Bibbia e omosessualità: quello che molti non sanno
Articolo della pastora Mary West tratto dal sito MCC Église 34 (Francia), liberamente tradotto da Marco Galvagno
Lesbiche e gay devono affrontare discriminazioni a causa di certi atteggiamenti sociali. Sfortunatamente questi atteggiamenti sono spesso insegnati dalle chiese stesse ed è ancora più triste vedere la Bibbia usata come arma per aggredire le persone omosessuali.
È importante ricordare che queste frasi che feriscono non sono di Cristo e non corrispondono a ciò che il Signore vorrebbe per la sua chiesa.
Queste frasi non corrispondono nemmeno alla Bibbia. Solo pochissimi versetti in tutta la Bibbia fanno allusioni a rapporti tra persone dello stesso sesso e sono contenuti solo in sei libri della Bibbia.

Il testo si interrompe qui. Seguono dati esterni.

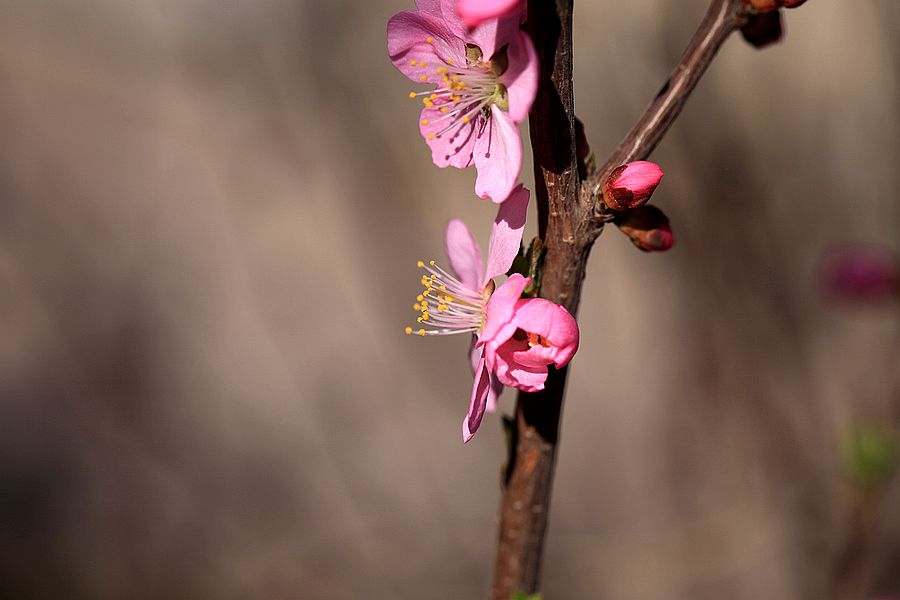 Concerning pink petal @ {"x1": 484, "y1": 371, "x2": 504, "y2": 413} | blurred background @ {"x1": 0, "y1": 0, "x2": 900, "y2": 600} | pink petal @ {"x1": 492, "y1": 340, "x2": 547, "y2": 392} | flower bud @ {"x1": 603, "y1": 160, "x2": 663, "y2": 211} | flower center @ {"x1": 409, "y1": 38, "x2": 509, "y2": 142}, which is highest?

Questo argomento non preoccupava particolarmente gli autori biblici. Nonostante questo, alcuni versetti sono stati utilizzati per giustificare odio, condanna ed esclusione dei figli di Dio omosessuali. Il termine omosessuale è moderno e non esisteva nei tempi biblici. Gli autori della Bibbia non conoscevano il concetto di orientamento sessuale come lo conosciamo noi oggi.
Quindi i passaggi che fanno riferimento a relazioni tra persone dello stesso sesso non dovrebbero essere letti come dichiarazioni che riguardano l’omosessualità, ma piuttosto essere visti nel contesto di ciò che il mondo antico che ha prodotto la Bibbia pensava sul sesso.
La sessualità nel mondo mediterraneo
I ricercatori biblici sono ricorsi alle scienze sociali per studiare gli schemi di relazione di genere nel mondo antico. Che si trattasse degli antichi egizi, greci o i romani del tardo impero gli atti sessuali non avvenivano mai tra persone che avevano lo stesso status sociale. La sessualità nelle società mediterranee era basata sul concetto di dominio e sottomissione.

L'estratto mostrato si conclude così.